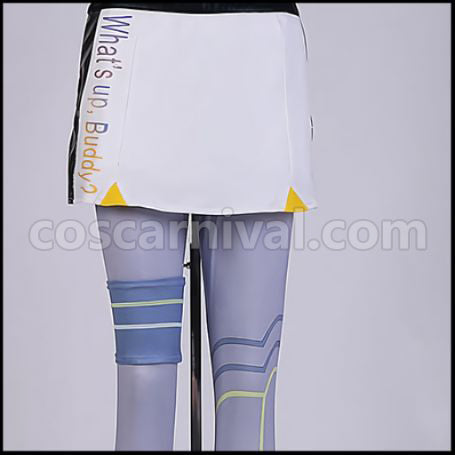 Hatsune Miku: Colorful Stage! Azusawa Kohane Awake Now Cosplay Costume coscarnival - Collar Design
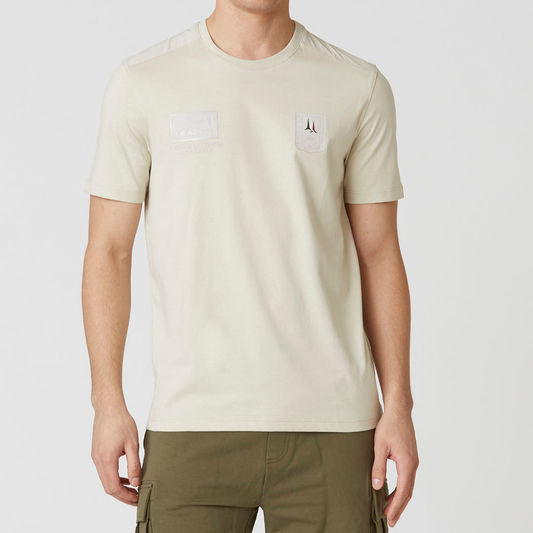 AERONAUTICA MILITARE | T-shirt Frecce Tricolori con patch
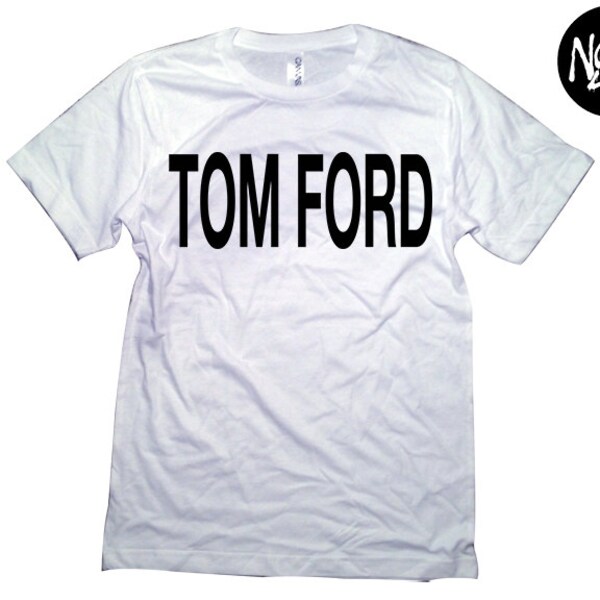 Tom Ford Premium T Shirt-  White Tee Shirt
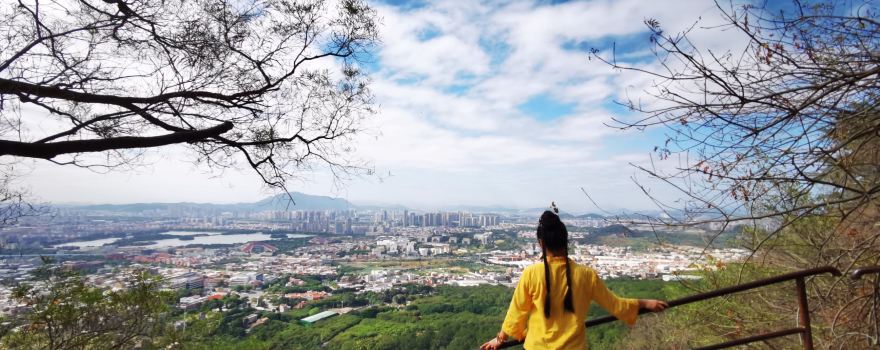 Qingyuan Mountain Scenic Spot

**HOW TO COMPLETE THIS TASK:** Output the whole listing exactly. Pictures stay out.

**COMPLETED TASK:**
 Hatsune Miku: Colorful Stage! Azusawa Kohane Awake Now Cosplay Costume coscarnival - Collar Design
 AERONAUTICA MILITARE | T-shirt Frecce Tricolori con patch
 Tom Ford Premium T Shirt-  White Tee Shirt
 Qingyuan Mountain Scenic Spot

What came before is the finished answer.